How Salina South High School students are getting ready for higher education

Preparing for college is a student’s greatest challenge in high school. They must prepare academically, emotionally, and most importantly, financially. Emotion or academics don’t matter if you can’t afford to attend. 

But, despite financial needs to afford college being the largest factor of preparation, it seems to be a large struggle for some students. 

There are many ways to pay for college: student loans, scholarships, military, etc. However, students at Salina South High School each take their own approach.  

Survey of 78 students. (Francisco Guardado)

Tripodium has gathered four students, each with different backgrounds, to uncover their preparation for college.


While some students are struggling to find methods to pay for higher education, other’s don’t have to worry about affording college. 

Freshman Davin Miller has three full years left to prepare for college. He plans to attend out-of-state and is interested in meteorology. 

Leaving your state for higher education automatically increases prices, but Miller has one major factor that could relieve his financial burden. 

“My mom is possibly paying for my college; it’s kind of stress relieving,” Miller said. 

However, he still plans to apply for scholarships and student loans in order to pay for his higher education. 



Like Miller, senior Adrian Aranda has little to worry about when he graduates this May. 

To prepare for college, Aranda has taken dual-enrollment courses since his junior year. Through the process he will have earned his associate’s degree in Applied Business through Kansas State University Salina by the time he graduates. 

“I definitely do recommend others to take dual enrollment classes. You get a feel of what college classes, professors, and being on campus will be like before being a full time college student. Not only that, but now I have a two year head start,” Aranda said.

Since dual-enrollment classes are cheaper, he will have less of a financial worry since he is steps ahead in his higher education. 

This fall Aranda will attend Kansas Wesleyan University. 


Scholarships and student loans are usual routes students take when trying to pay for their education, but for senior Reese Kimmi, it’s the only route she can take. 

Senior Reese Kimmi opens Chromebook to begin applying for scholarships and student loans. “No one else is helping me pay for college, so I have to apply for loans,” Kimmi said. (Jose Garcia)

Kimmi has already received an $11,000 scholarship to attend Kansas Wesleyan University to study criminal justice. 

Unlike Miller, Kimmi is on her own when it comes to paying for college. 

“I plan to get scholarships to take care of everything without going into debt,” Kimmi said. 

However, despite the scholarship Kimmi still has $7,000 left to pay. She plans to handle this through student loans which isn’t going to be easy for her. 

“I feel deranged, I don’t even know how to get loans,” Kimmi said. 

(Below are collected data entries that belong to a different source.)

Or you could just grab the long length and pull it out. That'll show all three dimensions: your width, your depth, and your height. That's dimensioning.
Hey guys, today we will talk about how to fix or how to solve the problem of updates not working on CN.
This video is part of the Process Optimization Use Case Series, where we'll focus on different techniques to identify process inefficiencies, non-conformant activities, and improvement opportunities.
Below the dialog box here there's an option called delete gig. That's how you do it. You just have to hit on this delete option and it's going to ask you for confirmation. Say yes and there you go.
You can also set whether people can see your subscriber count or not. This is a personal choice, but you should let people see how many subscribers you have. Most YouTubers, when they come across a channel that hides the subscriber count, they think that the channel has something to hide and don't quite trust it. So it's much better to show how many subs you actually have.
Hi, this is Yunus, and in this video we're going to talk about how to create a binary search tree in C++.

She plans to work to pay off the student loans, but the burden doesn’t stop there. Despite the college being in her hometown, she is forced to live on campus, 

“If I lived off campus, I wouldn’t have direct access to food or other necessities,” Kimmi said. 


Working hard for college is not uncommon for  sophomore Callie Vargas. She plans to enlist in the military and apply for scholarships. Although Vargas has a couple of years left to prepare for college, she is still a little worried about the cost. 

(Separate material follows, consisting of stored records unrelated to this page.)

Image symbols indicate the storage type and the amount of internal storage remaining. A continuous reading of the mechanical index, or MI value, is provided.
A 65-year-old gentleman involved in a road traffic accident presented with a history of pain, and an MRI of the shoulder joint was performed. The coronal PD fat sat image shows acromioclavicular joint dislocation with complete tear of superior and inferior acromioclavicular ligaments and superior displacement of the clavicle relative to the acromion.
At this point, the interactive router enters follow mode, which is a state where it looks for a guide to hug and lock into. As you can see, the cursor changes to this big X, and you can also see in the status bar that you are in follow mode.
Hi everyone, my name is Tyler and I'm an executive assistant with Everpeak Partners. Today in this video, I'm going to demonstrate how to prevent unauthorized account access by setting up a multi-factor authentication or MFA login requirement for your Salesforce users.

Headshot of sophomore Callie Vargas. (Jose Garcia)

Vargas plans to go to any college that has a bowling and a veterinary program, but is still uncertain about what specific college to attend.

To prepare, one of Vargas plans is to work towards sports scholarships. 

“I’m going out for as many tournaments as I can, and I’m going to nationals in June,” Vargas said. 

She also plans to pay for higher education through the military. 

“It just makes it easier to pay,” Vargas said in regards to the why she plans to pursue the military. 

She doesn’t plan to stay too long in the military because she wants to start a bit of her college education before she enlists. 

“I plan to go to college first before the military. It’s my first priority.” Vargas said.


Students at Salina South are taking different approaches when preparing for college. However, they all have a goal of completing a higher education. While financial costs remain a persistent barrier to some, they continue to strive to overcome it.